*** Block opens ***
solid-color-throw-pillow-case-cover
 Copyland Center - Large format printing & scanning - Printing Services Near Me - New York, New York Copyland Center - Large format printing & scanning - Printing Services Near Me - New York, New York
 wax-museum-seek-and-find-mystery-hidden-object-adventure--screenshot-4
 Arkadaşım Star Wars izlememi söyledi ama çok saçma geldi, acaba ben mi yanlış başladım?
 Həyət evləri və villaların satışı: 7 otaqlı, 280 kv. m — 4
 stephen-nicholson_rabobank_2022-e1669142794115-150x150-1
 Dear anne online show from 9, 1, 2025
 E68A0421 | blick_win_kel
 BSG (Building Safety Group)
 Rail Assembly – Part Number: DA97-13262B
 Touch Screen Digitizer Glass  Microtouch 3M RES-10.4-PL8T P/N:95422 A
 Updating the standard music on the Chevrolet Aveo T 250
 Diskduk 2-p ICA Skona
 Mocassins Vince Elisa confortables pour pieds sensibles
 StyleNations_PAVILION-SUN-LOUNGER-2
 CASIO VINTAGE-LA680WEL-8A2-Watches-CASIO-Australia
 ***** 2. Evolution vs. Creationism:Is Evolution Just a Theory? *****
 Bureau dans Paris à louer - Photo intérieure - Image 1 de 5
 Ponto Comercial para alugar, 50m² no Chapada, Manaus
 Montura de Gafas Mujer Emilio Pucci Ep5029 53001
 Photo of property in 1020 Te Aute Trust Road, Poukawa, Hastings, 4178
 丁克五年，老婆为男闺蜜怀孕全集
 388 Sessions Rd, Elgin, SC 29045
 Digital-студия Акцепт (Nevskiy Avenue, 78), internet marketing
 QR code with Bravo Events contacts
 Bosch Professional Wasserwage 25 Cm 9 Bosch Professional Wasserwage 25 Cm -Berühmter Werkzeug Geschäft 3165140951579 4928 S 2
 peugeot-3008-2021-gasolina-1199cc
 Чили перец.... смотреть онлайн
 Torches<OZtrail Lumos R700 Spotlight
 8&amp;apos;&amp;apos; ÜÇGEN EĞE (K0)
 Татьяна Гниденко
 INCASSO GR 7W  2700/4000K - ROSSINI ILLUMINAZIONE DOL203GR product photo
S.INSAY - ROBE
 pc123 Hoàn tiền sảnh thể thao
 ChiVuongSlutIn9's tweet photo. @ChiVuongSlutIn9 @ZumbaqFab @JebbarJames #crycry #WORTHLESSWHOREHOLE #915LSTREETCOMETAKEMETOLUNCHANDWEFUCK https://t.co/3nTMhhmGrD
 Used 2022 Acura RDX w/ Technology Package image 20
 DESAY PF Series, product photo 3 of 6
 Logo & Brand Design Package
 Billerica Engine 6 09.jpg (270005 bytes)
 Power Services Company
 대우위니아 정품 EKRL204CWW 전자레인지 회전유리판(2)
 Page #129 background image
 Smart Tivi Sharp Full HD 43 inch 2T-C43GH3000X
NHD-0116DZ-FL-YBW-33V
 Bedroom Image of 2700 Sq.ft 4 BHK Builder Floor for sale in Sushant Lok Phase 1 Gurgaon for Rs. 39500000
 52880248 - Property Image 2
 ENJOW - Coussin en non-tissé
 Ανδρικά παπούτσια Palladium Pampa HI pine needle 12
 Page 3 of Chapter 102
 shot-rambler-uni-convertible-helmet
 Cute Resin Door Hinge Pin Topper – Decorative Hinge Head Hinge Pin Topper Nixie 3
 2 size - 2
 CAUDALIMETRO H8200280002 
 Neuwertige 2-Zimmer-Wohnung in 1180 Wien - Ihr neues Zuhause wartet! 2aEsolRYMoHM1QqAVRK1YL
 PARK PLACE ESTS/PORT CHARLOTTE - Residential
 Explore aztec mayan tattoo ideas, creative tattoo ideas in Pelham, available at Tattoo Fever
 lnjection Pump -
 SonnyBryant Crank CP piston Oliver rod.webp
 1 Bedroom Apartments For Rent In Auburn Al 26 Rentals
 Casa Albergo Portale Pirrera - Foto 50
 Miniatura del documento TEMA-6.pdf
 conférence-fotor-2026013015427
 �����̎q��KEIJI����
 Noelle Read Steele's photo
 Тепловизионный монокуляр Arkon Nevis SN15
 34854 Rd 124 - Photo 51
*** Block closes ***
__Exercise aim__
Leave out every line before the one containing "PARK PLACE ESTS/PORT CHARLOTTE - Residential"; set down that line and all remaining lines of the material exactly.

__Reply to the exercise__
 PARK PLACE ESTS/PORT CHARLOTTE - Residential
 Explore aztec mayan tattoo ideas, creative tattoo ideas in Pelham, available at Tattoo Fever
 lnjection Pump -
 SonnyBryant Crank CP piston Oliver rod.webp
 1 Bedroom Apartments For Rent In Auburn Al 26 Rentals
 Casa Albergo Portale Pirrera - Foto 50
 Miniatura del documento TEMA-6.pdf
 conférence-fotor-2026013015427
 �����̎q��KEIJI����
 Noelle Read Steele's photo
 Тепловизионный монокуляр Arkon Nevis SN15
 34854 Rd 124 - Photo 51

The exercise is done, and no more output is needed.